4So then, about eating food sacrificed to idols: We know that an idol is nothing at all in the world and that there is no God but one. 5For even if there are so-called gods, whether in heaven or on earth (as indeed there are many “gods” and many “lords”), 6yet for us there is but one God, the Father, from whom all things came and for whom we live; and there is but one Lord, Jesus Christ, through whom all things came and through whom we live.

Note what he says. There is no God but one in verse 4. In verse 5, he says there are many things that are so-called gods and lords. They are called that, but there is no reality to the charge. In verse 6, he says though that for us, there is but one God and one Lord. (This is a Christianized version of the Shema. See Richard Bauckham’s “God Crucified.”) So what does it mean if you say there is more than one God and Lord?

It means you’re not in Paul’s “us” and that “us” is in reference to Christians.

James is an epistle written to Jewish Christians. These are Christians who have a strong background obviously in Judaism and what does he say in James 2:19?

You believe that there is one God. Good! Even the demons believe that—and shudder.

In other words, he’s pointing to the Shema and saying that it is good that they believe that, but they need to act accordingly. At least the demons shudder! Let’s not skip over what he says though. Belief in one God is true. If James had believed there was more than one god, this would be a good time to correct it.

However, there is another text that is relevant to the discussion. What does the Book of Mormon say? In Alma 11, Alma is in debate with Zeezrom about God.

26 And Zeezrom said unto him: Thou sayest there is a true and living God?

27 And Amulek said: Yea, there is a true and living God.

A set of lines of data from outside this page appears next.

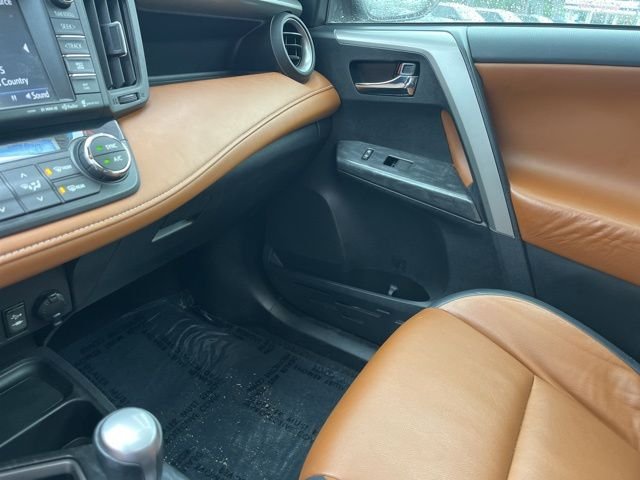 Used 2017 Gray Toyota Platinum image 27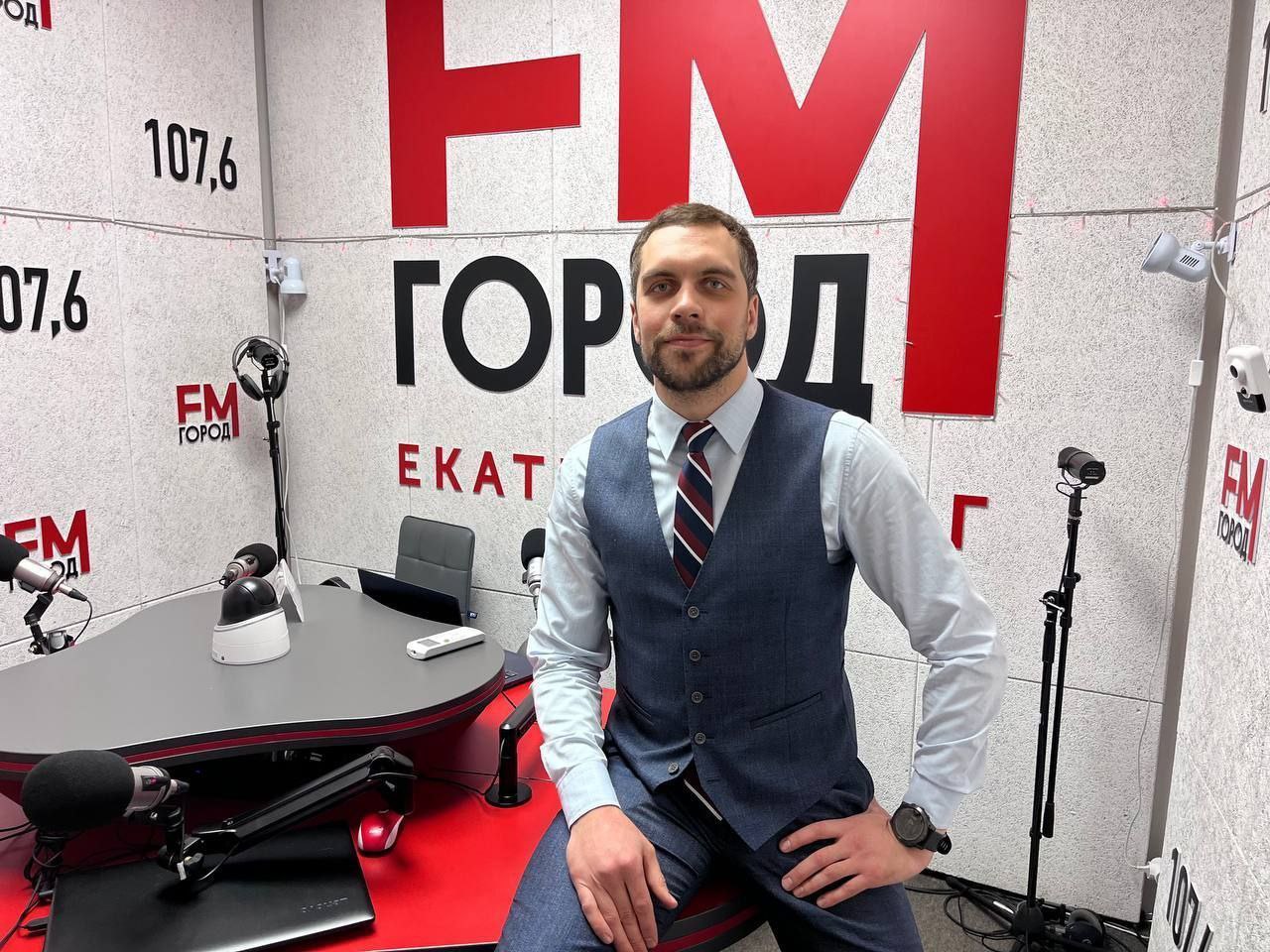 Слушайте меня в прямом эфире радио "Город ФМ"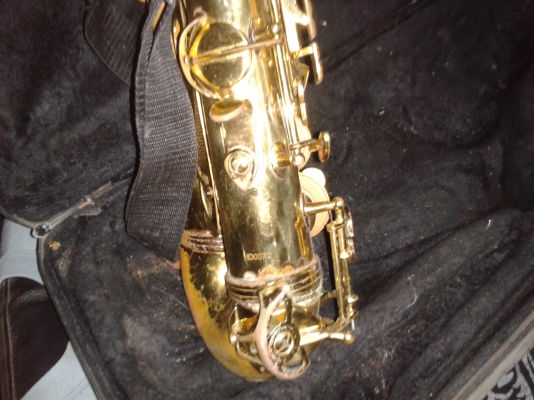 แซ๊กโซโฟน  ชำรุดตามสภาพ 2000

28 Now Zeezrom said: Is there more than one God?
I urge the Mormon reader to think about how they think Alma will answer. Then scroll down and see what verse 29 says.
29 And he answered, No.
According to the BOM, which Joseph Smith says is the most correct book on Earth, there is only one God.
Thus, for those who want to hold to polytheism, which includes Joseph Smith, you cannot be a consistent believer in Scripture and do so, and apparently, you cannot even be a consistent believer in the BOM and believe in polytheism. There is one God and in these last days, Hebrews says he has spoken not by Joseph Smith, but by his Son. It is up to you to believe Smith or believe the Son.